Despite its genre, Even the Ocean, a new game from Anodyne developers Kittaka and Sean HTCH, sets its sights on being enjoyable to a wide range of players. The game follows Aliph, a technician in Whiteforge City, as she travels across a strange, varied landscape investigating a series of power plant failures. In order to navigate this world, the player must balance a two-color energy bar. One end of the spectrum provides higher jumps and slower speed, while the other grants faster speed and lower jumps. Finding the balance between these two poles undergirds both the game’s narrative and its design choices.
“[Finding balance] creates a feeling of constantly reading the geometry of the room, reading the objects, and thinking ‘How should I change my energy?’” HTCH explains. “The effect of the energy becomes more pronounced when you’re at the high end—moon jumps or Sonic speeds—but the elements the game is built of are focused around being interesting even at the extremes of the motion.”
“If you fill up your energy bar by hitting one type of color too much, you die,” Kittaka elaborates. “But we also want to explore the idea that being in the direct center of balance is not the only way. Through the game, you’re gradually gaining this intuition of your body and how it’s reacting to this energy. You don’t have to be at any particular energy to do anything in the game—you can do [anything] with any energy, but you’ll have to change [your approach] a little. You’re gradually learning how to tweak your motion without thinking about it constantly.”
This flexibility allows for a wide range of playstyles. Kittaka says, “I imagine a few different types of players: for instance, someone who wants to be the safest, so they always stay in the center. I can see someone else trying to strategize, and I could see someone else just using the energy system very haphazardly and just blowing through everything. If you know a lot about the systems or have a lot of dexterity, you can play very aggressively.”
Allowing for various player approaches also influenced the narrative ethos of the game. With Anodyne, the developers noticed that some players were deeply invested in the game’s narrative while others were not. For Even the Ocean, most of the main story takes place in the hub world of Whiteforge City, while the surrounding areas feature side narratives full of characters going about their own lives. Each of these areas is unique, with its own distinct themes and visual design.
One area, for instance, is a beach resort, with sand dunes and islands expressing narrative themes of work, laziness, and relaxation. The characters the player encounters and their interactions with the player are tangential to the main plot, but they nevertheless serve to emphasize the themes of the game as a whole.
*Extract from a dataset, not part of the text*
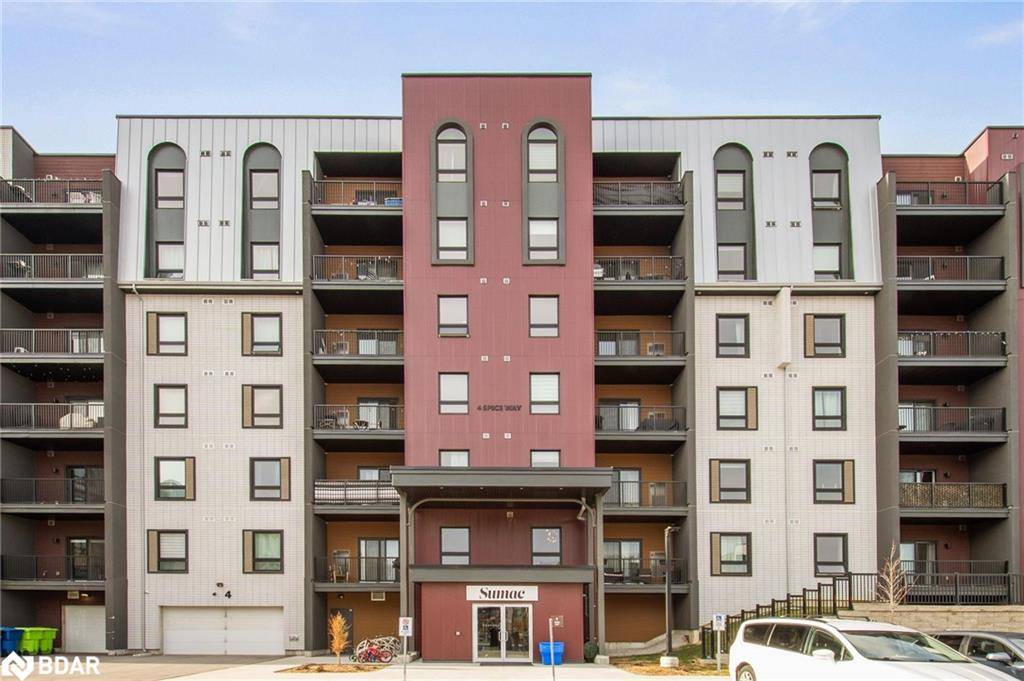 Barrie, ON L9J 0M2,4 Spice Way #211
HTCH says, “Rather than a realistic geological world, we created all these areas that have thematic threads running through them, exploring different things we wanted to talk about. They all have these different natural themes that look diverse and feel diverse to move through. Each area has its own physical feel to it, and each area has its own power plant, and those are a different style of gameplay and level design.”
Kittaka adds, “We wanted to make a story that spoke to our experience in this modern world. There are a lot of things in the way that humans interact with the rest of nature and the rest of the world that are really complicated and not always healthy. So we’re trying to explore that with the idea of balance that happens in this micro scale, with the player themselves being affected by energy.”
In service of these different approaches, the developers have added a range of difficulty options, as well as a unique difficulty curve. Even the Ocean eschews traditional RPG puzzles, inventory, levelling, and even combat, instead relying on new uses of the same basic controls. HTCH explains, “The progression isn’t like Super Meat Boy, you know, just adding more spikes. Interesting ideas that require more dexterity come at the end, but each level can be beaten at any extreme of energy.”
There are also unusual difficulty settings—one makes it impossible for the player to die, while another adds blocks to aid the player’s navigation. This was done to make the game playable and enjoyable for as many people as possible. HTCH says, “I have a lot of friends and family who don’t really play videogames but are interested in what I’m doing, and I knew that if we didn’t really add anything they’d probably get stuck on the first level.”
Joni adds, “We want it to be where people who are only interested in the story will always have a way to go through it. We’re trying to make the best of that so it can be interesting and playable by a wide range of people.”